[[ PROVIDED INFORMATION, beginning ]]
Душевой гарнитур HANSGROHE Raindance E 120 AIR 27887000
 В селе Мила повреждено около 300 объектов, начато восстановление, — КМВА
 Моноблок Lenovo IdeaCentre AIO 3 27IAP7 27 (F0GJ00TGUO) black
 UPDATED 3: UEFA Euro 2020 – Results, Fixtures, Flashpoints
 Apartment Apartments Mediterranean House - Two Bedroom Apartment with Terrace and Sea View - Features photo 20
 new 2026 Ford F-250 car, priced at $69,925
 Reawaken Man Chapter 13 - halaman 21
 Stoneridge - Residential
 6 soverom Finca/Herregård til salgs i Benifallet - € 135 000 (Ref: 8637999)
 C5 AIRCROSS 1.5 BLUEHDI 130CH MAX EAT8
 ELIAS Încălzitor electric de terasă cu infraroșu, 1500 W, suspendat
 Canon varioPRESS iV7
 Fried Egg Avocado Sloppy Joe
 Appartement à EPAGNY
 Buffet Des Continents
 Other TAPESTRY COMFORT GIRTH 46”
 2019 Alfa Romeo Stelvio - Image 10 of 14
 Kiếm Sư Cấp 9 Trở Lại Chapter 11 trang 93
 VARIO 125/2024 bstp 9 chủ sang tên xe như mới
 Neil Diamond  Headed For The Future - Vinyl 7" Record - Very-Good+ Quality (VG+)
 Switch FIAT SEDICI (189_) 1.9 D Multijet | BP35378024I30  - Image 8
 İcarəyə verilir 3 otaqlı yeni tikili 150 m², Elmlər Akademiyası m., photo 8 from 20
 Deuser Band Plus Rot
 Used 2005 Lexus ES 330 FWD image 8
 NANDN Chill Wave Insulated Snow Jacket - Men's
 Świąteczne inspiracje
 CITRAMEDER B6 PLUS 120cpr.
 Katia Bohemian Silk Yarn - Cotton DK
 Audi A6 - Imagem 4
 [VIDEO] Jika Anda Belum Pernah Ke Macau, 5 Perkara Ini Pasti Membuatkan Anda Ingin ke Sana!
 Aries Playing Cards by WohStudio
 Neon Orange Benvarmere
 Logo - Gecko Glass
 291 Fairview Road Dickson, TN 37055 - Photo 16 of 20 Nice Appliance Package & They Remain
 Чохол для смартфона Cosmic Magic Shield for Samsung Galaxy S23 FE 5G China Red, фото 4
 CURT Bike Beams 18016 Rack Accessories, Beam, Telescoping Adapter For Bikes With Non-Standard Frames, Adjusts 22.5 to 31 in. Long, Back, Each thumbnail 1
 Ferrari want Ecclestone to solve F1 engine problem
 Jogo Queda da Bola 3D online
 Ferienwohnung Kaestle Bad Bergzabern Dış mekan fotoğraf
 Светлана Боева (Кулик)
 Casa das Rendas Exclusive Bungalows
[[ PROVIDED INFORMATION, end ]]
** PROBLEM TO WORK ON **
Starting with the line that has "291 Fairview Road", print each remaining line of the listing exactly.

** RESULT OF THE EXERCISE **
 291 Fairview Road Dickson, TN 37055 - Photo 16 of 20 Nice Appliance Package & They Remain
 Чохол для смартфона Cosmic Magic Shield for Samsung Galaxy S23 FE 5G China Red, фото 4
 CURT Bike Beams 18016 Rack Accessories, Beam, Telescoping Adapter For Bikes With Non-Standard Frames, Adjusts 22.5 to 31 in. Long, Back, Each thumbnail 1
 Ferrari want Ecclestone to solve F1 engine problem
 Jogo Queda da Bola 3D online
 Ferienwohnung Kaestle Bad Bergzabern Dış mekan fotoğraf
 Светлана Боева (Кулик)
 Casa das Rendas Exclusive Bungalows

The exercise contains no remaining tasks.